3.2. As privatizações no setor de infraestrutura (1990-2002)

3.2.3. Transporte

Os investimentos no setor de transporte iniciaram os anos de 1990 em uma trajetória de queda até meados da década, apresentando ligeira elevação no final, com as privatizações e as concessões no setor. Contudo, esses investimentos se encontravam a um patamar muito abaixo aos da década de 1970 e 1980 (BIELSCHOWSKY, 2002). A escassez de investimentos no setor, por sua vez, impactou negativamente a qualidade dos serviços de transporte e a competitividade brasileira no mercado internacional, uma vez que a falta de uma provisão adequada desses serviços eleva os custos da cadeia produtiva. Essa deficiência nos serviços de logística se apresentavam em todos os modais.

Sobre as privatizações e concessões no setor, a implementação da Lei de Concessões em 1995 estabeleceu um marco legal neste processo. No que concerne ao setor ferroviário75, esse processo originou-se do Programa Nacional de Desestatização, com o início das licitações e a divisão da Rede Ferroviária Federal (RFFSA) em sete malhas regionais. A desestatização das principais malhas ferroviárias ocorreu entre 1996 e 1997, sendo estas, licitadas separadamente. Por sua vez, as privatizações no modal rodoviário passaram a transcorrer em 1993, ou seja, previamente à Lei de Concessões. Já a privatização no setor portuário instaurou-se de forma paulatina, a partir de 1995, apresentando como núcleo um amplo processo de modernização, desestatização e descentralização das operações (BIELSCHOWSKY, 2002).

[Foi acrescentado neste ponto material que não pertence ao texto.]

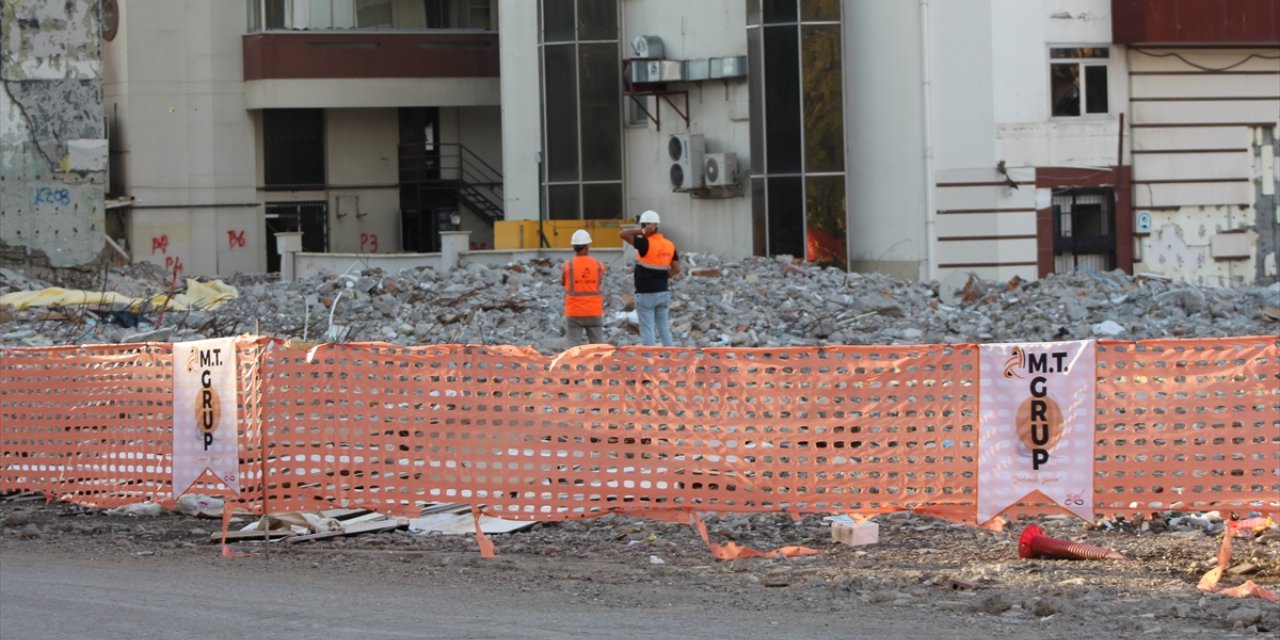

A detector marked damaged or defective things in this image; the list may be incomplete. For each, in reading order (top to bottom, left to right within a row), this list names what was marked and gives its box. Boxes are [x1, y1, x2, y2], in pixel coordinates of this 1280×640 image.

damaged building facade [0, 0, 107, 267]
damaged building facade [12, 0, 1280, 285]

A implementação da Lei de Modernização dos Portos em 1993, em conjunto com outros instrumentos legais, permitiu a elevação da entrada do capital privado e da inversão no setor e auxiliou no processo de modernização portuária. No que se refere às características desses novos investimentos, estes priorizam a modernização da capacidade já instalada. O país já dispõe, na sua extensão marítima, de uma relevante gama de instalações, mas era necessário incrementar os equipamentos, para um desempenho operacional mais eficiente. Registra-se que a fundamental adversidade no sistema portuária, a qual as privatizações procuraram combater, refere-se à sua gestão e operação. A gestão ineficiente acarretou graves distorções76, como, por exemplo, uma política tarifária complexa que proporcionava entraves ao financiamento do setor.

Ressalta-se, no entanto, que essa ampliação dos investimentos advém de uma crescente expansão da contratação de serviços dos próprios agentes privados. Verificava-se uma situação semelhante com as privatizações no modal ferroviário. As empresas privadas, que anteriormente eram contratantes dos serviços portuários e ferroviários, internalizaram esses custos à sua cadeia produtiva. O grande problema dessa tendência é um atendimento estritamente direcionado a apenas alguns segmentos produtivos (como minério de ferro, por exemplo), ocasionando detrimento dos serviços prestados às demais atividades econômicas (BIELSCHOWSKY, 2002).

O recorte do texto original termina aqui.